On top of the stress associated in school, I cannot stop comparing myself to other people. Many of my friends have recently announced engagements or marriages, while I’m over here bickering with my boyfriend of almost three years like an old married couple. We’re both stressed about work and classes, yet while we spend any amount of time together, we take that stress out on each other. It’s not fair for either of us. Also, many of my friends are graduating this May (I guess I “should” be, too). I keep feeling like I’m struggling or something…? I can’t really explain the feeling I have about it. I guess my point is that I need to stop comparing myself, my grades, or my relationship with other people because I am my own person. I know there are things that people think about me that they find impressive (hopefully).
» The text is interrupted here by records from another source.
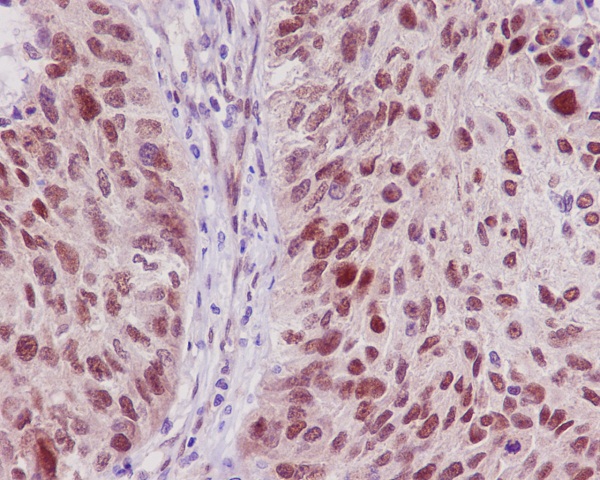 Immunohistochemical analysis of paraffin-embedded human lung carcinoma, using TRAF6 Antibody.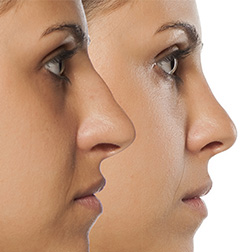 Rhinoplasty - Nose Surgery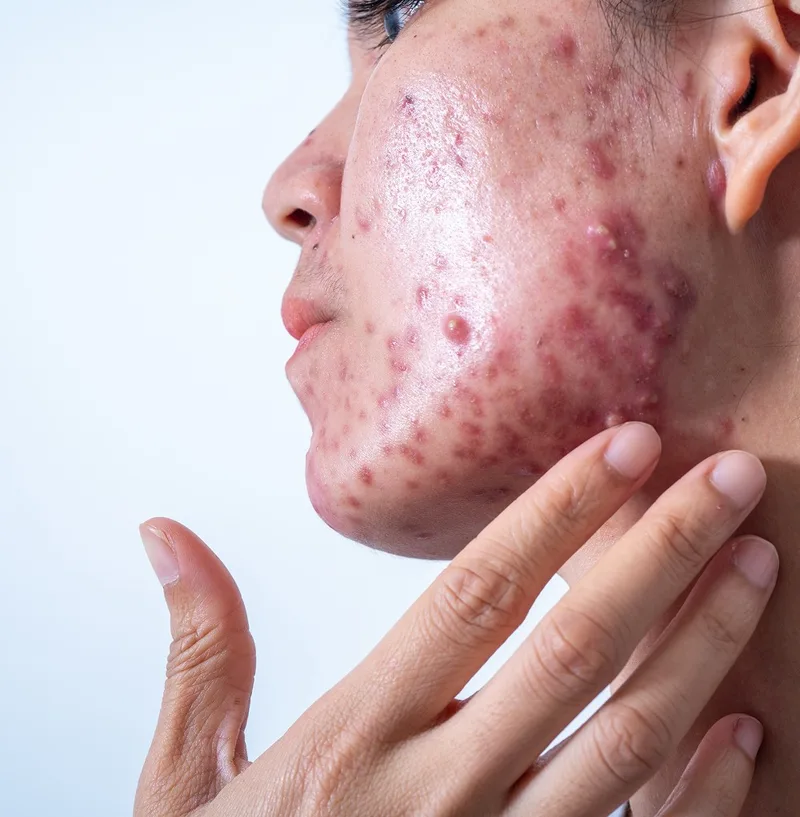 Acne concern reference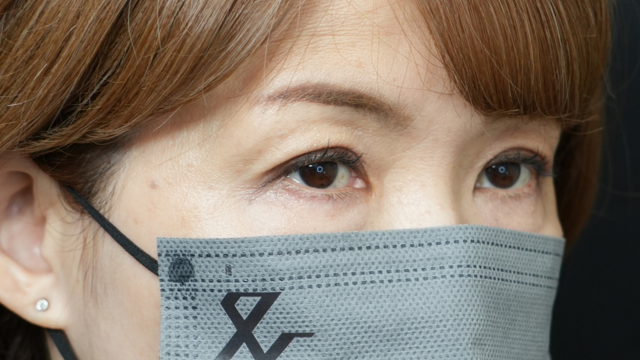 手術前の状態 その1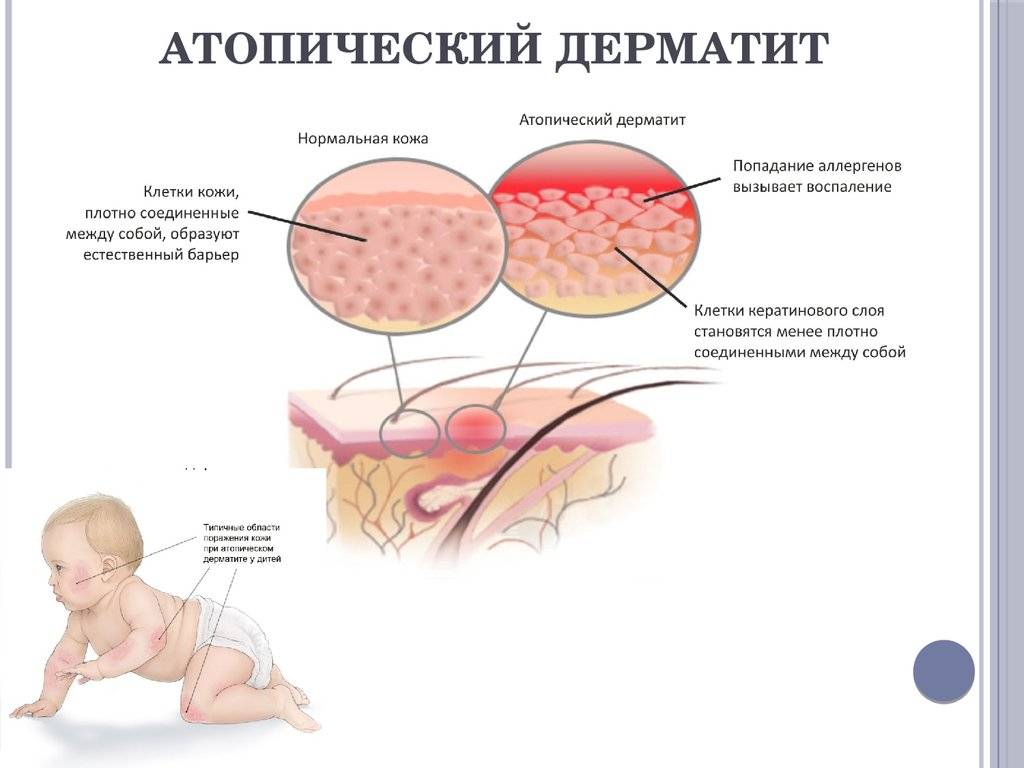 Аллергический дерматит у детей 👶: фото, симптомы и лечение в домашних условиях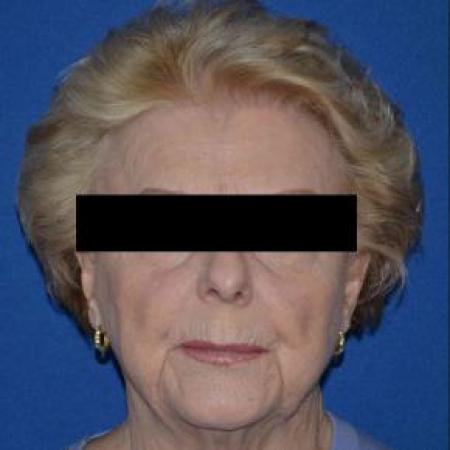 Before image 1 Case #86796 - Full Facelift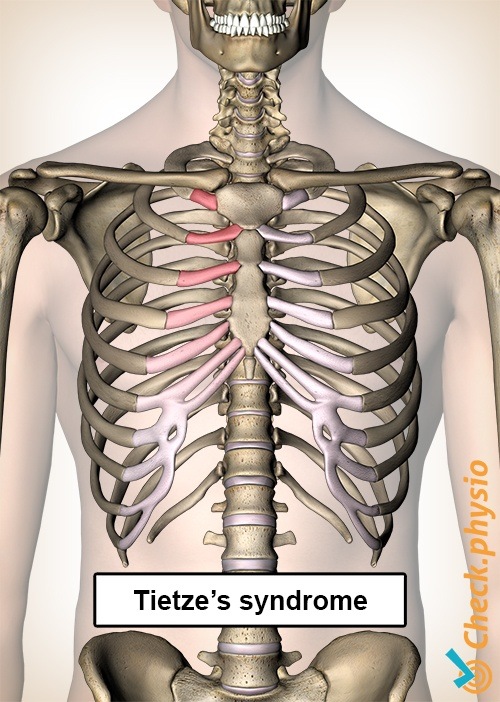 tietzes syndrome ribs pain chest sternum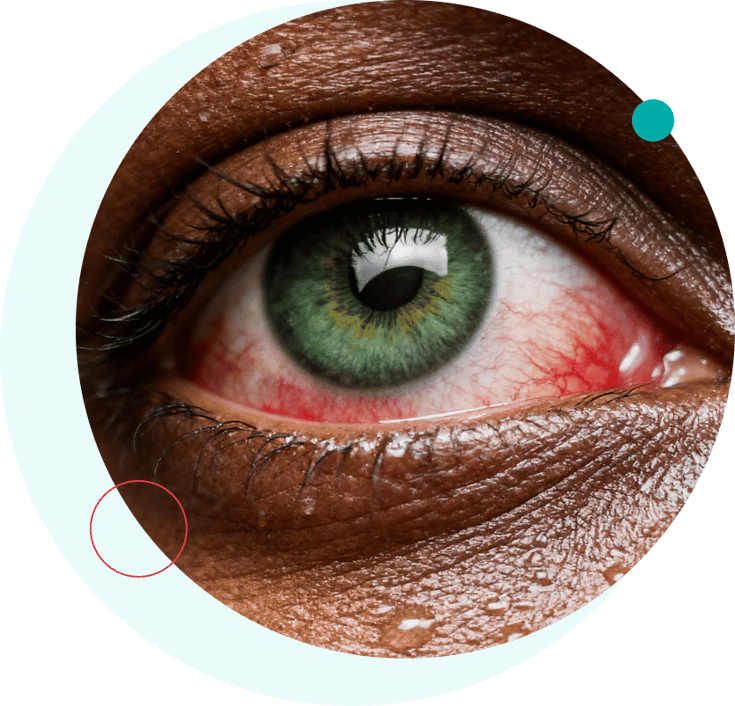 conjuntivitis conjuntivitis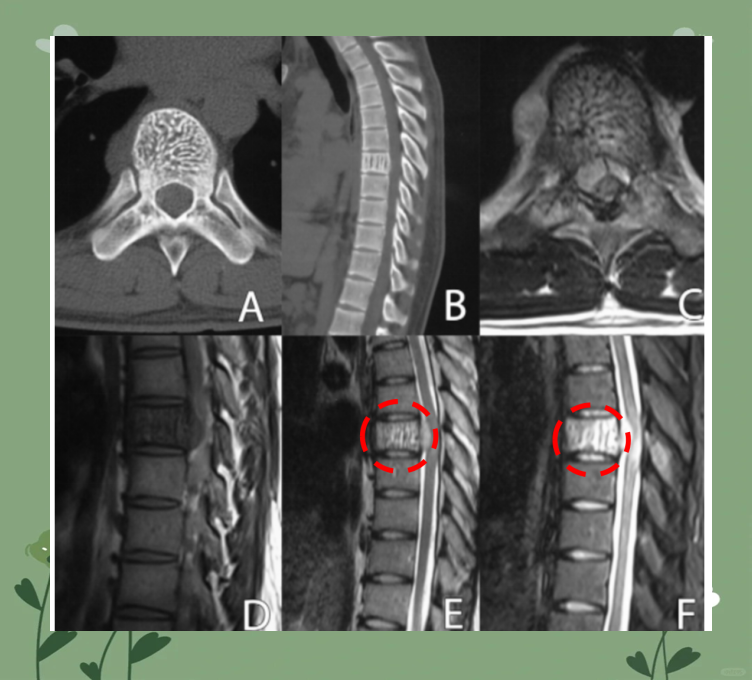 腰椎肿瘤是怎么回事?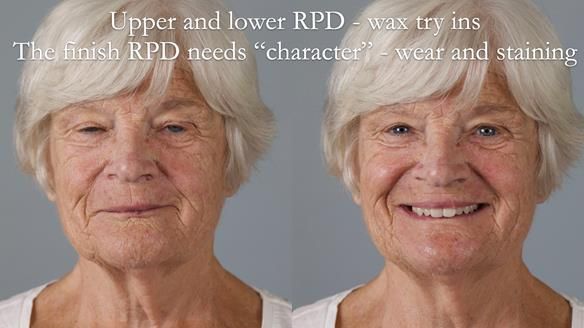 Eileen's transformation with upper and lower RPDs of Scandinavian hygienic design FULL PROTOCOL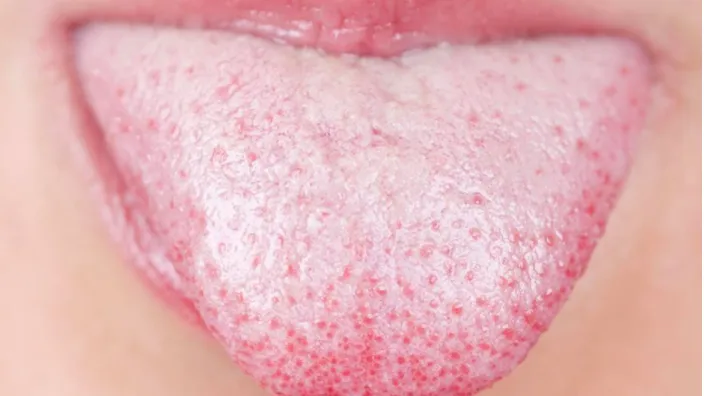 THIS is what a white tongue says about your health! Very few people know this!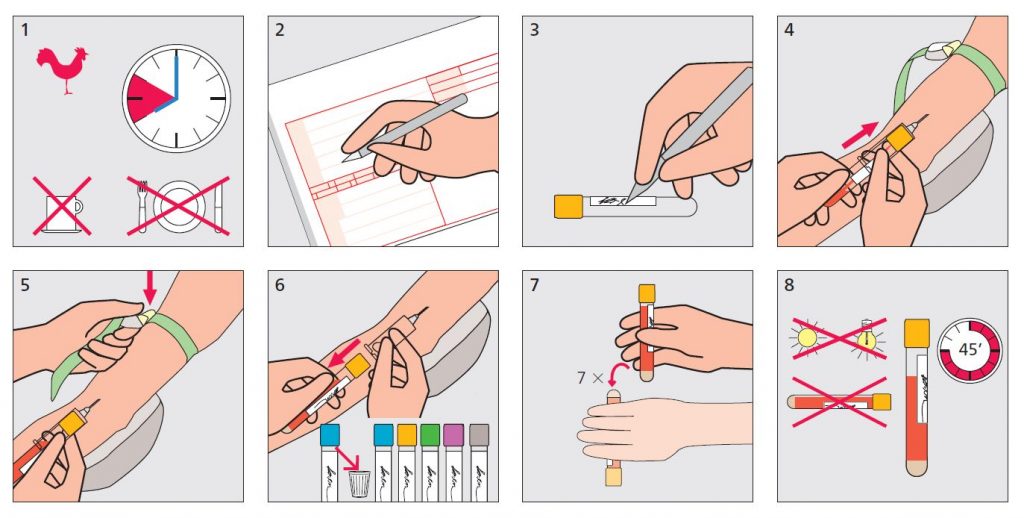 Priprema pacijenta za davanje uzorka krvi 1 Priprema pacijenta za uzimanje uzorka krvi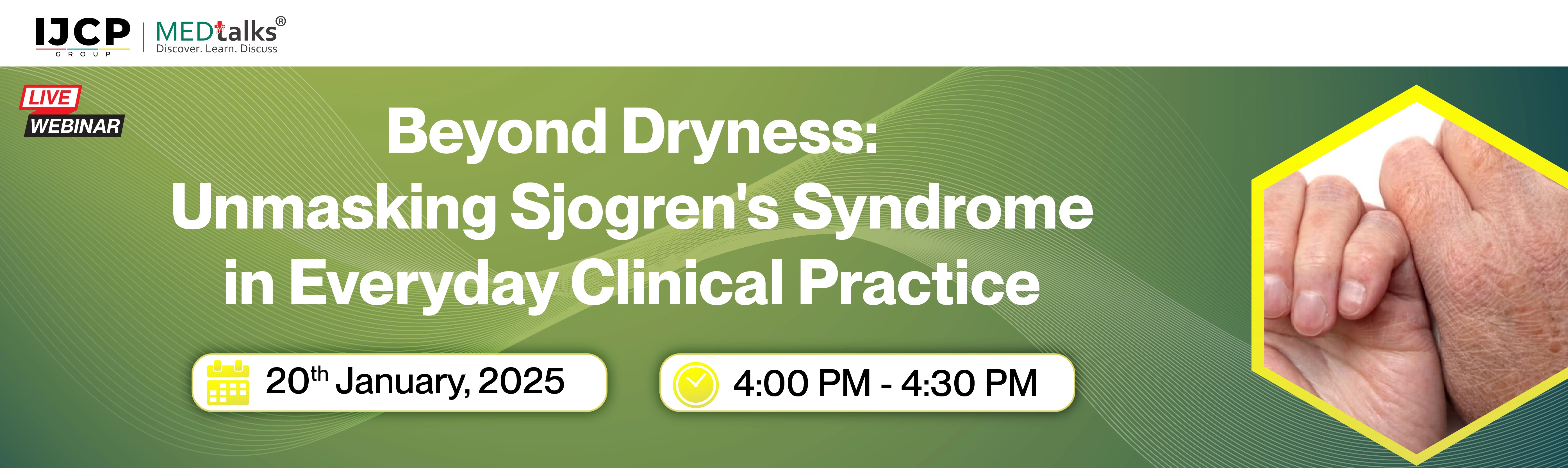 Beyond Dryness: Unmasking Sjogren's Syndrome in Everyday Clinical Practice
Aside from writing, I have other passions believe it or not. Maybe if I dig into my passions I won’t be comparing myself to others as much (it’s human nature – it’s bound to happen). I really enjoy photography, playing the piano and the flute, as well as golfing. I took homecoming photos for a good friend of mine who is running to be on court, and it made me realize that I really miss photography. I started my own photography website via SquareSpace, and I will be publishing that live within the next few days or so. Whenever I travel, I love capturing what I see because it brings back whatever I was feeling in that moment. I need to keep up with that.
I have also been listening to a lot of Regina Spektor and Stromae lately, which has inspired me to play musical instruments again. I took piano lessons as a child and I had the ability to be a concert performer, a music major, maybe even play for a living. I turned it down when it became too challenging – I gave up on it. But really, I gave up on myself. I did the same thing with the flute; I was really good, but I couldn’t handle the competition. We had to compete for “first chair,” where the best performer sat closest to the instructor. I don’t want to be the best, but I want to be my best. I want to play for me, no one else.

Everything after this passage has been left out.